Do You Want to be part of this Group?
As a reader of In Simple Language you may have noticed that I often quote information from surveys on various financial topics. A lot of these surveys are done by non profit think tanks and give a real life version of what is going on. They actually interview real people in the real world.
The Survey
This particular survey was conducted in late March of 2009 and involved people who were employed or retired between the ages of 25 and 70. This survey, once again, points out the disturbing fact of how most people are not knowledgeable when it comes to understanding investments. The results were not shocking to me because I have been ranting and raving about the lack of financial education for many many years. This is just more ammunition to prove how lacking our educational system is in providing basic financial education in our public schools.
This survey was conducted by Chicago based Envestnet Asset Management Inc. and Evansville, Illinois based Behavioral Research Associates LLC. There were 251 respondents to the survey. That is not a lot of people but based on the results it is still an accurate depiction of the lack of financial knowledge… at least as it relates to target date mutual funds.
What are Target Date Funds?
When target date funds were first made available to the public they may have been promoted as the end all be all for retirement plans. As we have found out in the last twelve months that couldn’t be farther from the truth.
Simply speaking, because that is what we try to do In Simple Language, a target date fund is a mutual fund composed of stocks, bonds, and cash that invests more and more conservatively as you reach a predetermined retirement date of your choose. It is supposed to protect your investment by becoming more and more conservative as you approach that retirement date.
This is not what we have seen in the various target date funds that In Simple Language looked at. Nor is this what was seen by the target date funds that congress looked at. Congress is taking it a step further and is investigating several target date fund companies looking for answers on why they lost so much money for so many people.
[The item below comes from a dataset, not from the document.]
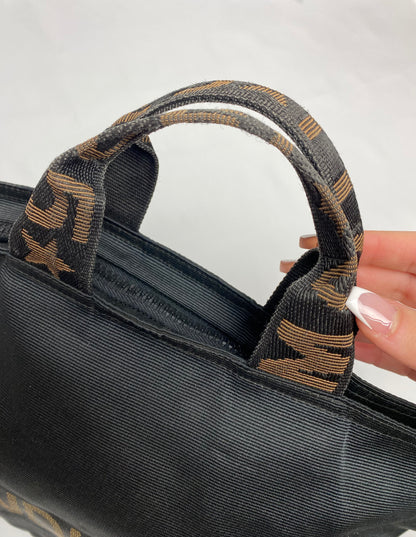 Fendi Logo Nylon Black Mini Tote Bag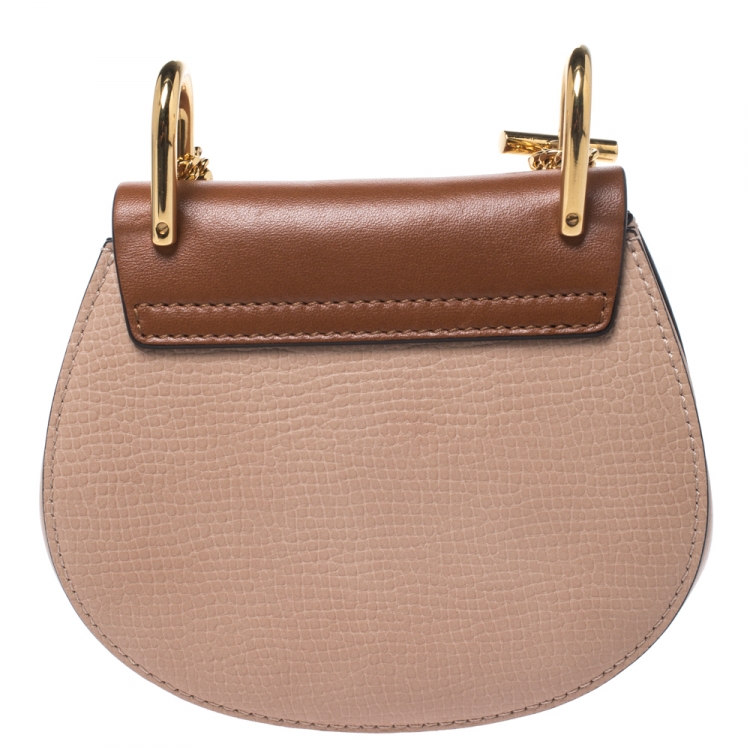 مملوكة مسبقًا Chloe Beige/Brown Leather Nano Drew Shoulder Bag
And why these target date funds were aggressively invested in the year that they were supposed to be very conservatively invested.
Let’s Look at some of the Results of the Survey
Of the 251 respondents surveyed less than 6% (15) had even heard of target date funds and even those people didn’t describe them accurately. Many thought that the purpose of the target date fund was to set the date of your retirement based on the date of the fund and they could be sure that that’s when they would be able to retire. 38% of the respondents thought that target date funds would produce a guaranteed rate of return.
Before I go any further let me make one thing perfectly clear. Nothing, except death, is guaranteed in life. There are no guarantees in investing. Even the guarantees issued by the U.S. Government are only as good as the ability of the government to repay your money. So if you don’t get anything else out of this post except this, remember “Nothing, nada, no investment is guaranteed”.
Okay back to the survey. About one third of the respondents felt their money would grow faster in target date funds. It doesn’t say why they felt that way. It may have to do with the way the funds were marketed. Who knows? Almost another third of the respondents felt that target date funds were structured so that they could save less and still meet their retirement needs.
About one fifth of the respondents felt that they could not lose money in a target date fund. What we have here is a huge lack of financial knowledge. Yes, a target date fund is different than a regular mutual fund. But it is still a mutual fund and until people learn and understand the basics of investments this situation is going to get worse not better.
If you are serious about taking care of your financial future or your loved ones then it is imperative on your part to educate yourself about financial matters. This will not only help you make money in investments but also protect you from the likes of the Bernie Madoffs of the world. And less face it. There may be a Madoff lurking around every investment corner.